Once the sellers come together, they need to agree on what Mitchell calls a “straw man” organization chart for the combined company. 

“You can’t just go to a buyer and say we’ll have a three-headed CEO,” he says. “You’ve got to show a united front and explain how the businesses will be integrated.”

There’s also some hard-core spreadsheet work for the advisors to create a projected financial statement for the combined companies. “You can imagine with small companies that each of them is going to do their books differently,” Mitchell says.  

3. Agreeing on how to share proceeds

While the operating plan doesn’t need a formal agreement, SDR believes that the sellers need to commit in writing to how they will divide any sale proceeds.

“You can’t have a deal blow up because some guy wants 5% more of the purchase price at the last minute,” he explains.

The terms of each of the SDR’s three PIRU deals have been different, but they all are designed to reflect each selling company’s size, profitability, and growth potential. 

“You’ve got to put your investor hat on and be honest about what’s worth a higher multiple,” Mitchell says.
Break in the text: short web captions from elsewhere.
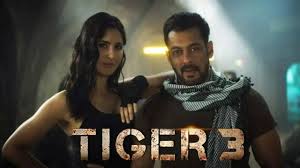 Tiger: Salman Khan, Katrina Kaif announce Tiger 3's release date as they  celebrate 10 years of Ek Tha Tiger - WATCH, Celebrity News | Zoom TV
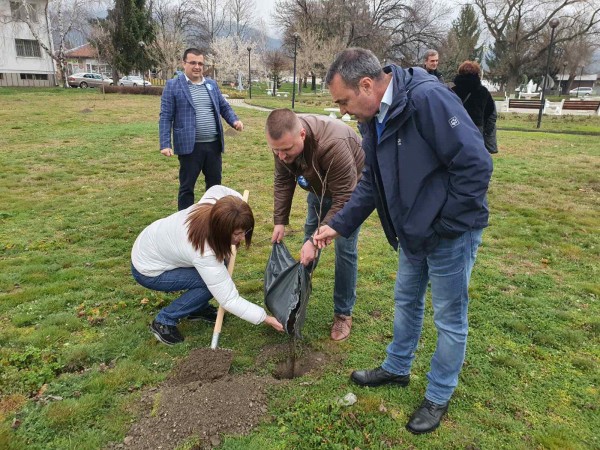 Засадиха ядливи кестени в парка в Крън
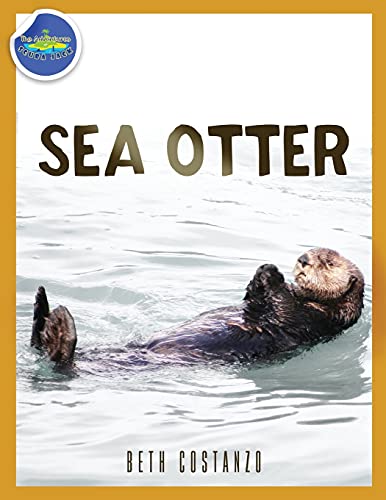 Sea Otter Ages 2-4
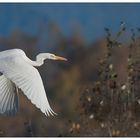 Grande aigrette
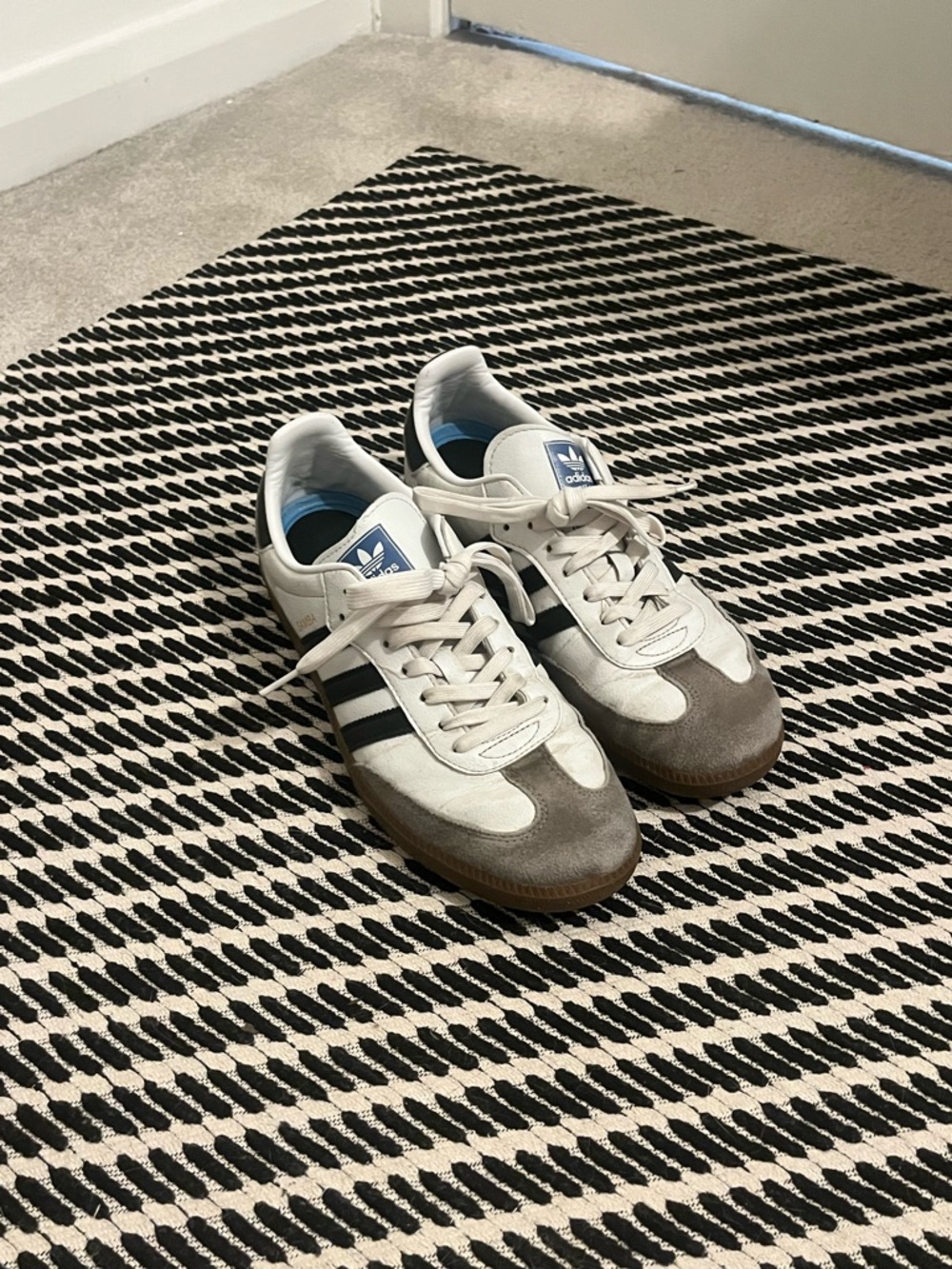 Sambas. Make an offer!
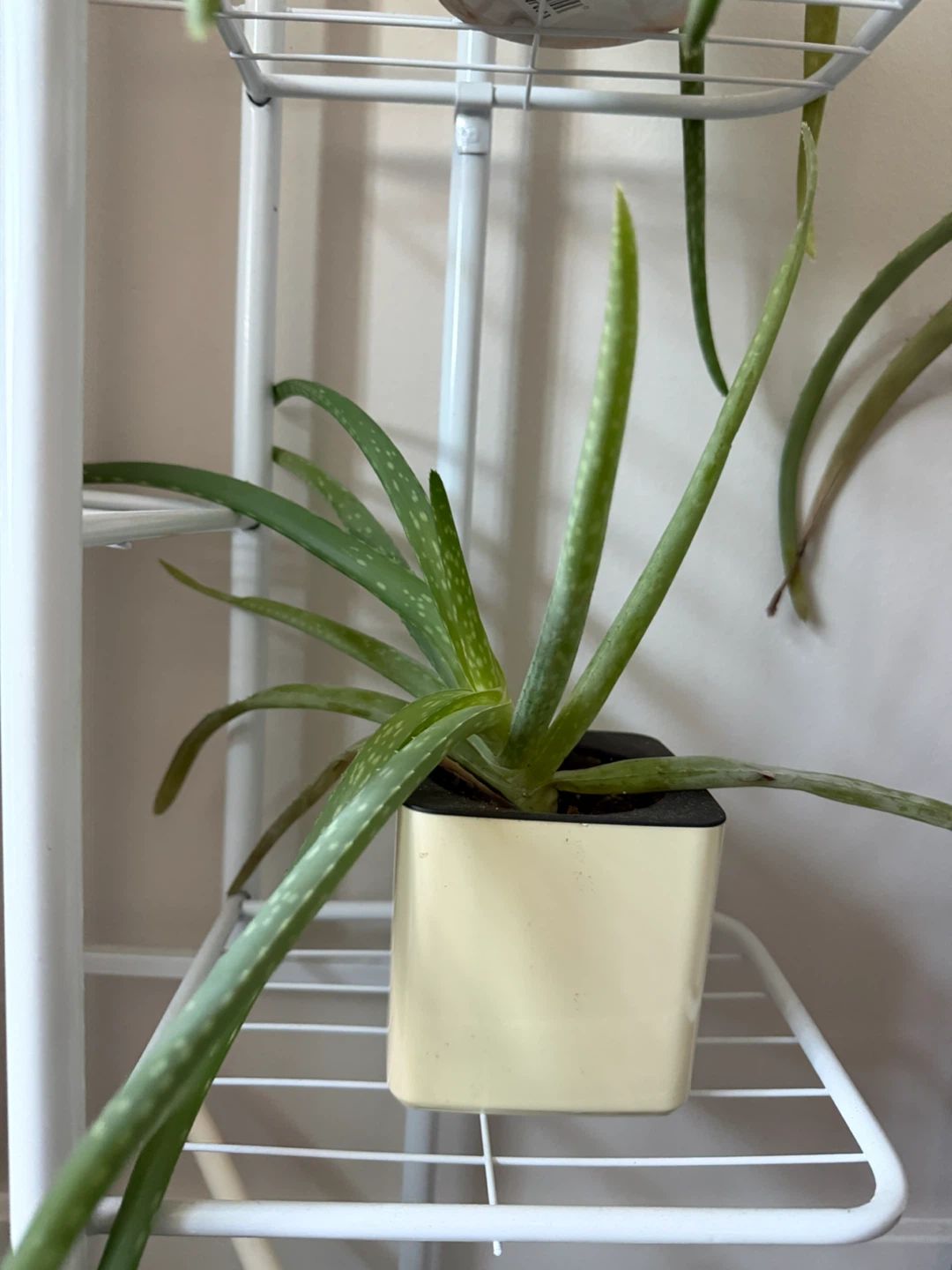 Aloe Vera Plant - photo 2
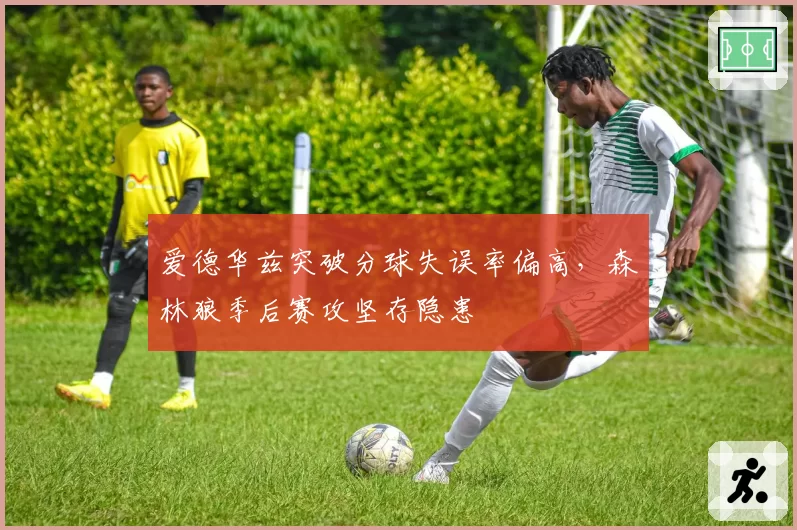 爱德华兹突破分球失误率偏高，森林狼季后赛攻坚存隐患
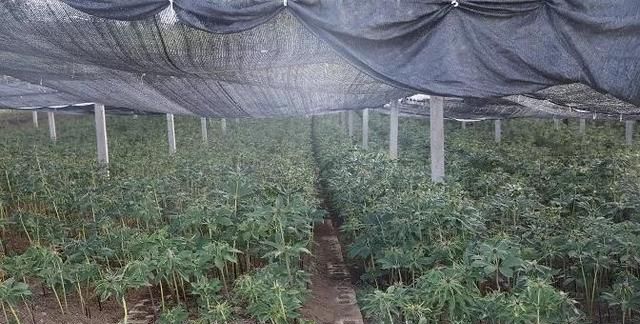 重楼种植该如何施肥图4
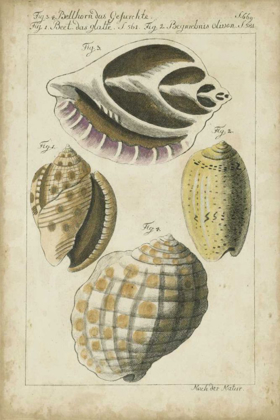 Picture of VINTAGE SHELL STUDY I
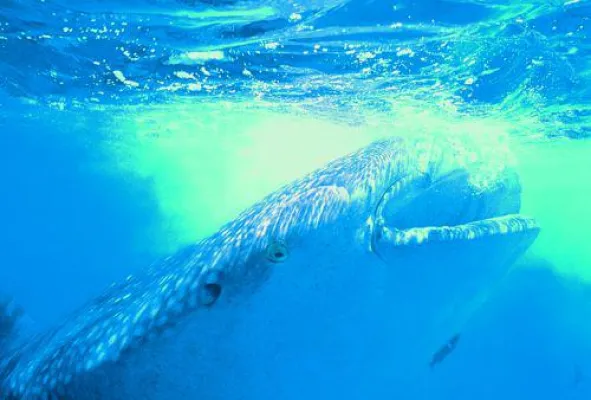 Bild: Tauchparadies Zentralamerika: Belize und Honduras unter den weltbesten Tauchgebieten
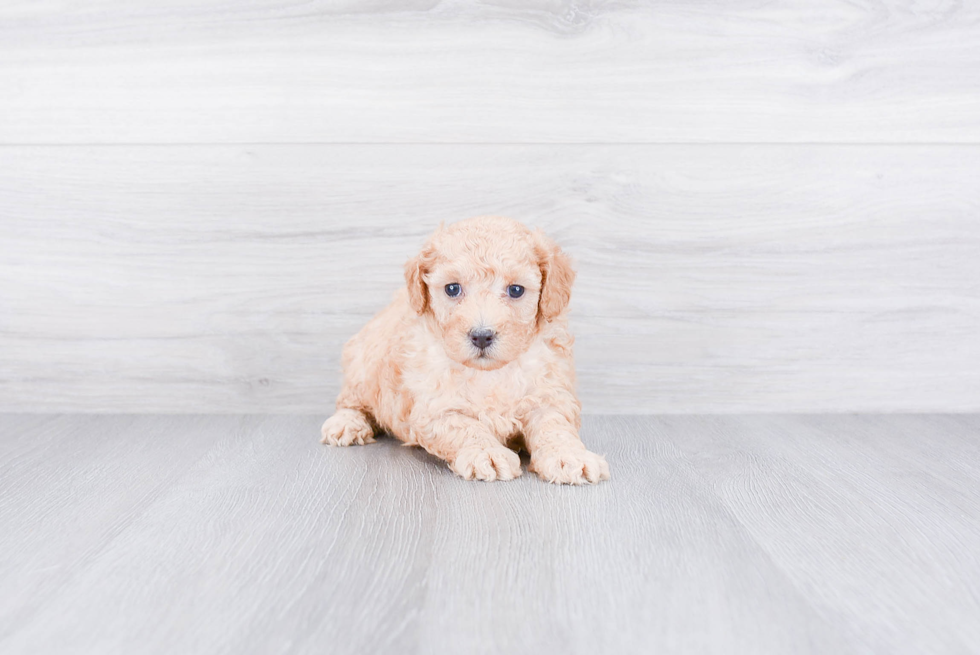 Cavapoo Pup Being Cute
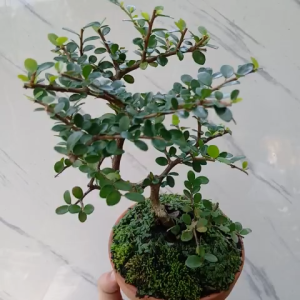 Cây sam núi trái bonsai mini để bàn hoặc làm tiểu cảnh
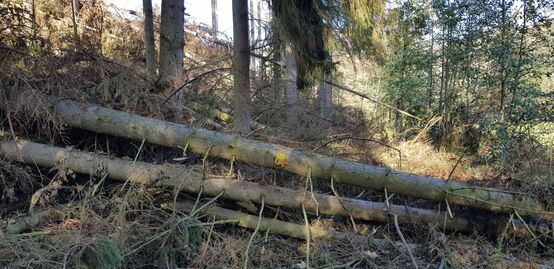 Holzbruch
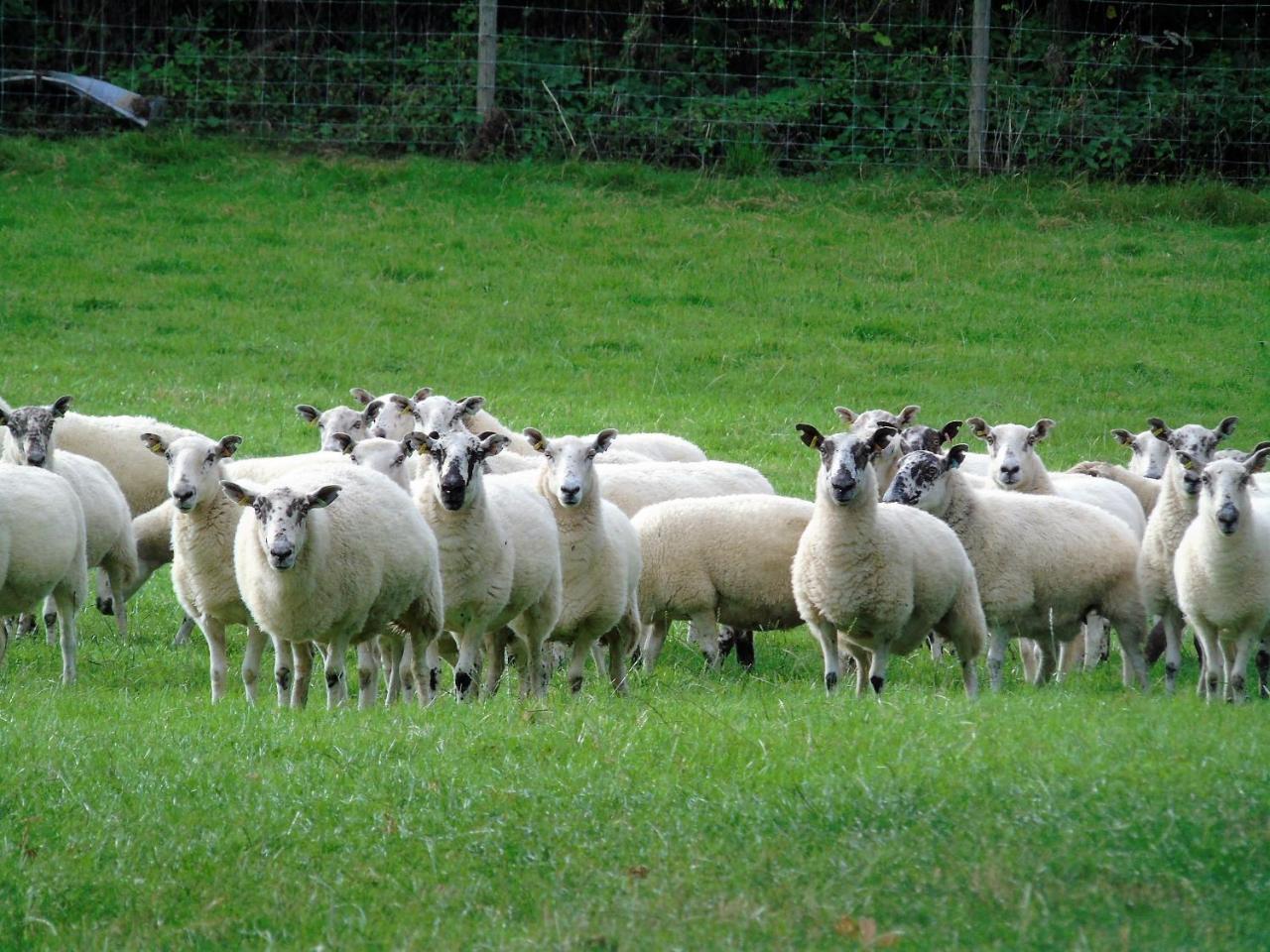 Pwllgwilym B & B Builth Wells Eksteriør bilde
Ultimately, he adds, sellers can come to an agreement so long as everyone sees they will do better selling in a group than on their own.

4. Imposing penalties on sellers that back out

There’s no way to force a prospective seller to go through with a deal if the owners change their minds. SDR, however, has come up with a structure meant to discourage cold feet: Participants agree that if a buyer offers a price above a set amount, any seller that backs out would have to pay the legal, advisory, and other expenses of all the other members of the group.

5. Simplifying the transaction for buyers

SDR insists the sellers appoint one law firm as lead counsel for the group, for example. And since sellers have agreed in advance on how to split the proceeds, buyers only need to offer a single purchase price.

“The buyer doesn’t need to negotiate with five companies and five sets of lawyers,” Mitchell says. 

To be sure, many potential buyers still shy away from PIRU deals, but Mitchell says that the success of SDR’s first three deals will help some skeptics see the opportunity in them.

“Sure, you can say there is risk in trying to close two deals at once,” he says. “But compare that to the reward from cross-pollinating two companies and getting a deeper management team, more customers, and greater growth potential.”